CAMP ZAMA, Japan (May 4, 2021) – Col. Thomas Matelski, commander of U.S. Army Garrison Japan, highlighted the importance of prayer in our nation, the Army and our lives in a speech during the National Day of Prayer Lunch here May 3.
“Prayer builds respect, understanding, teamwork and commitment,” said Matelski, the event’s keynote speaker. “Those are the very things required of each and every one of us to defeat racism and extremism, suicide, sexual harassment and domestic violence in our Army and in our nation.”
Prayer is also crucial during times of trouble, as Matelski noted when he told a story of the time he and two other occupants in his vehicle saw an RPG-7 grenade round heading straight toward them while deployed during Iraq during Operation Iraqi Freedom.

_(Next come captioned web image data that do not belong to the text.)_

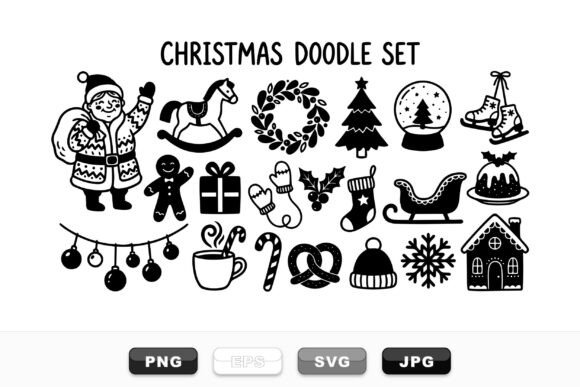 Whimsical Christmas Doodle Set: Illustrations for Festive Branding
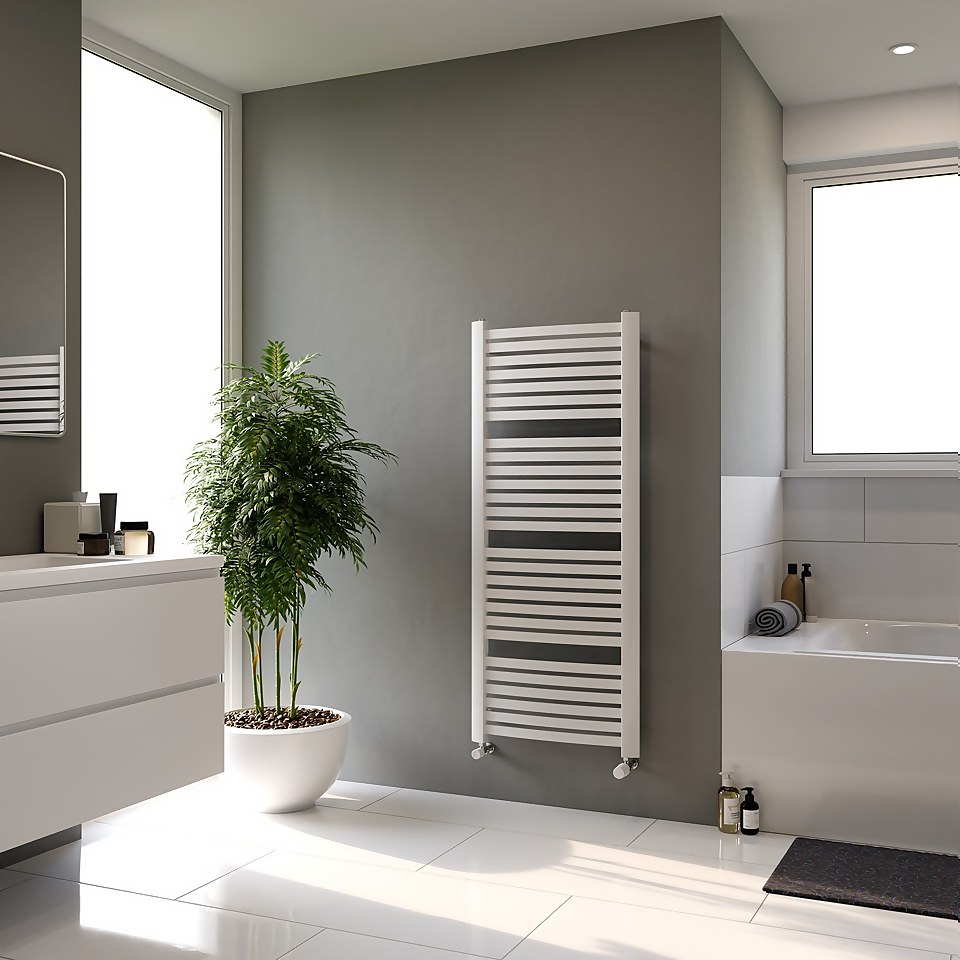 Clyde Designer Towel Radiator 1395x580 White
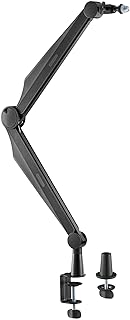 PrimeCables Microphone Boom Arm with 360° Rotation Joint and Retractable Arm, Microphone Stand for Podcast, Video Gaming, Radio and Studio Audio(Grommet and Clamp mounting)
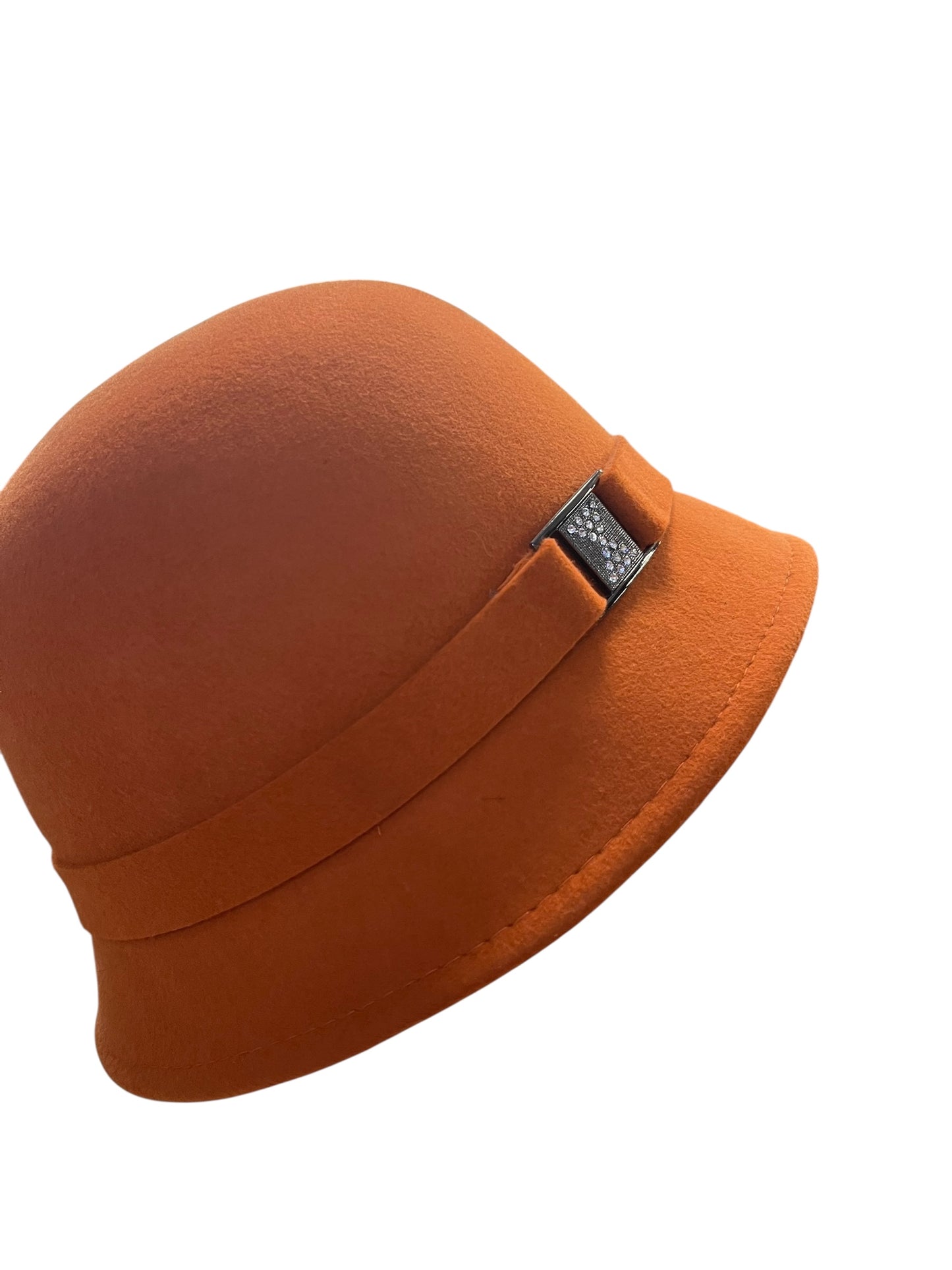 RUST ORANGE CLOCHE HAT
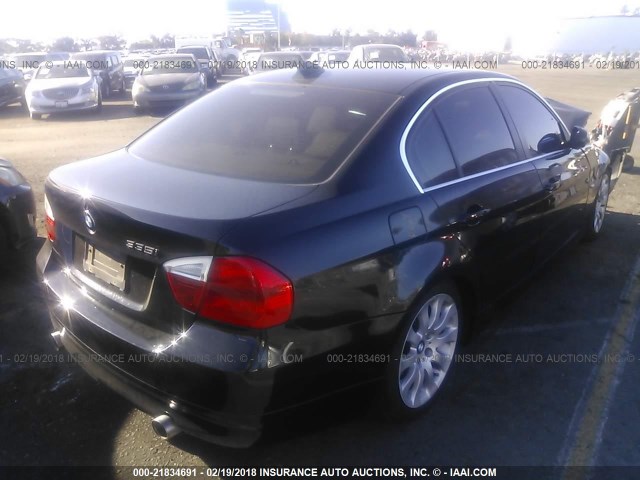 WBAVB73558P102054 - 2008 BMW 335 I BLACK photo 4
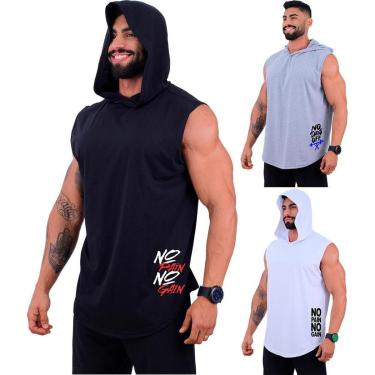 Imagem de Kit 3 Regatas Longline Machão Com Touca Masculina MXD Conceito Academia Exercicio Fisico-Masculino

“I will never be certain of the details of what happened next, but I do remember one thing: Three of us paused momentarily, prayed, and then watched the RPG-7 deflect away from our vehicle and then an [OH-58D Kiowa Warrior helicopter] swoop down and the threat fade away,” Matelski said.

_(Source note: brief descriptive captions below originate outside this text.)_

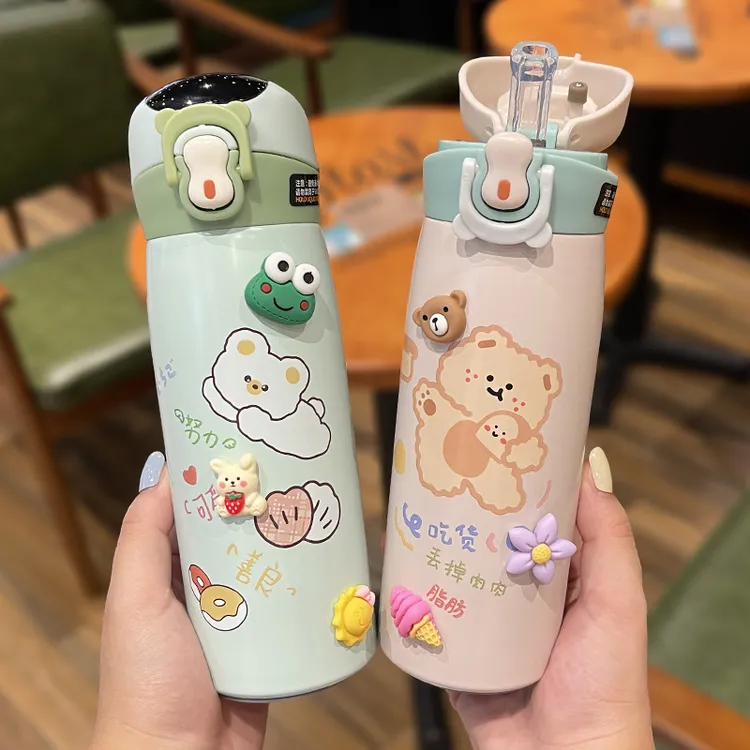 智能测温水杯高颜值带吸管316不锈钢保温杯学生便携手提儿童水杯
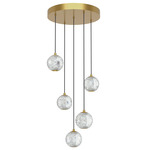 Marni Multi Light Pendant - Natural Brass / Clear Ribbed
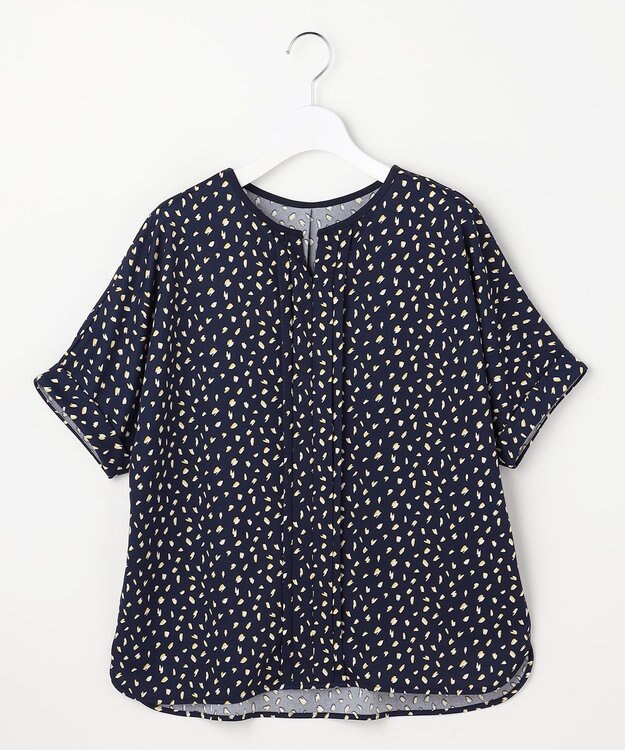 ANY SIS ジョーゼットフロントタック プルオーバー ネイビー系幾何学柄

The National Day of Prayer takes place annually on the first Thursday of May, as Chaplain (Maj.) Mark A. Johnston, chaplain for the 38th Air Defense Artillery Brigade, noted in a video played during the event.

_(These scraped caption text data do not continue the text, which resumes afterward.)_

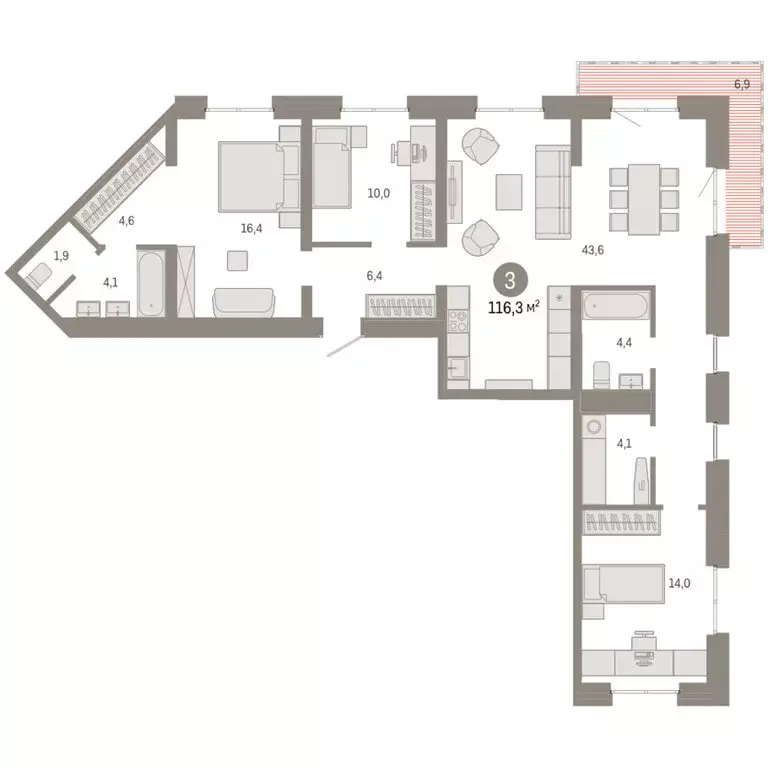 3-комнатная квартира: Екатеринбург, улица Советских Женщин (116.3 м) - Фото 1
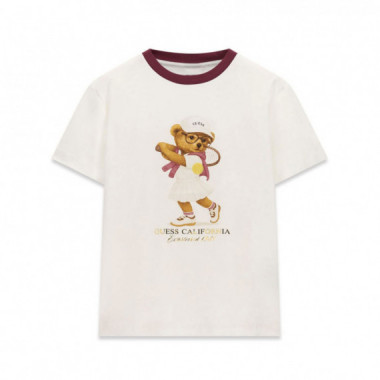 Guess Athleisure Camiseta cream white V6BI14 K6742-G012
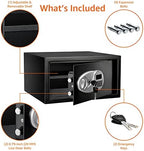 Amazon Basics Steel Security Safe Box with Digital Keypad, for Valuables, Cash, Jewelry, Documents, Removable Shelf, Black, 1 Cubic Foot, 16.9"x14.6"x9.1" (WxDxH) - Image 4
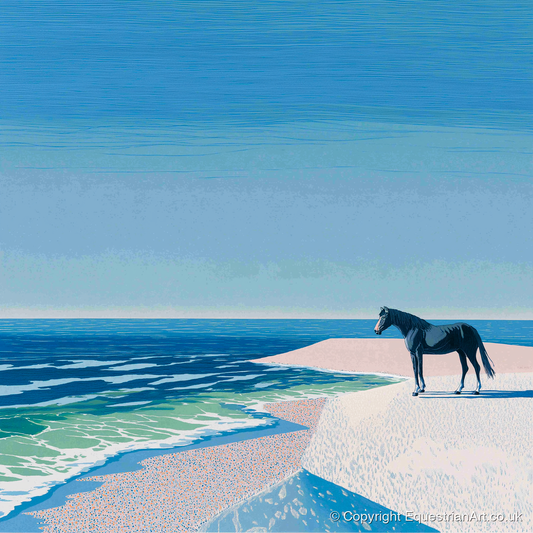 Coastal Solitude - horse landscape art print and canvas by Simon Whitlock A.I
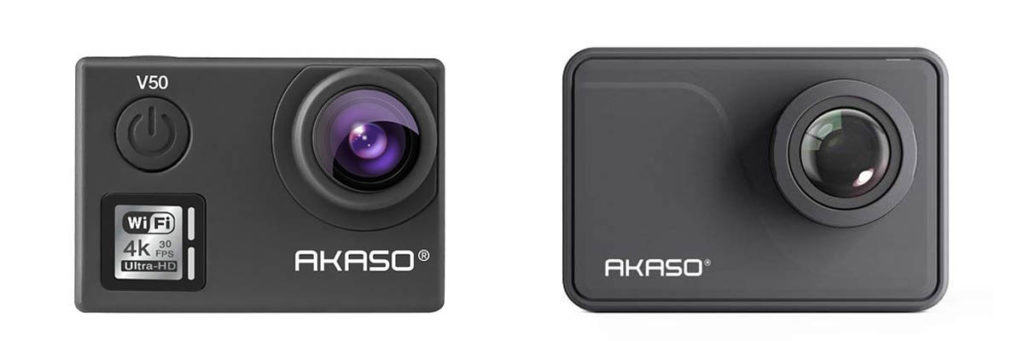 AKASO V50 and AKASO V50 Pro side by side. Two of the best action cameras under 100.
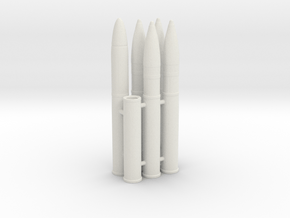 1/18 scale 75mm Shells in White Natural Versatile Plastic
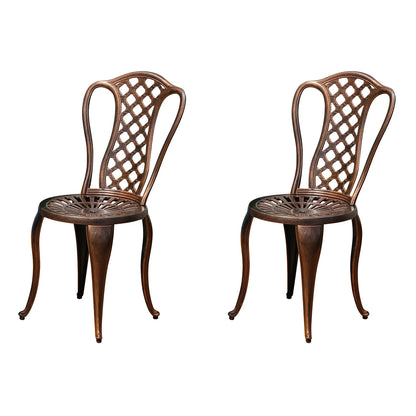 2-Piece Set Cast Aluminum Chairs Outdoor Chair Set Garden Chair Weather-Resistant Patio Metal Chair Bistro Chair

In 1952, President Harry S. Truman signed a joint resolution by Congress that declared an annual national day of prayer, Johnston said, and in 1988, President Ronald Reagan amended and signed the law, permanently setting the day.
The theme for this year’s National Day of Prayer is “America: A Beacon of Hope.”
“Religious and cultural diversity reflects the strength of our nation,” Chaplain (Lt. Col.) Florio Pierre, USAG Japan chaplain, said. “Prayer empowers people to overcome various obstacles and prevent harmful behaviors. By calling upon the name of our common Creator, we are drawn to strengthen our bonds of unity, joining together in one voice.”
The lunch, which included COVID-19 mitigation measures such as mask wearing and social distancing, also featured prayers for peace, the Armed Forces, the nation and families.
Erin Nonaka, a leader of Protestant Women of the Chapel, prayed for families; Chaplain (Capt.) Danny Black, chaplain for the 311th Military Intelligence Battalion, prayed for peace; Scott Yeager, USAG Japan religious education director, prayed for the nation; and Chaplain (Capt.) Malcolm Rios, chaplain for the 35th Combat Sustainment Support Battalion, prayed for the Armed Forces.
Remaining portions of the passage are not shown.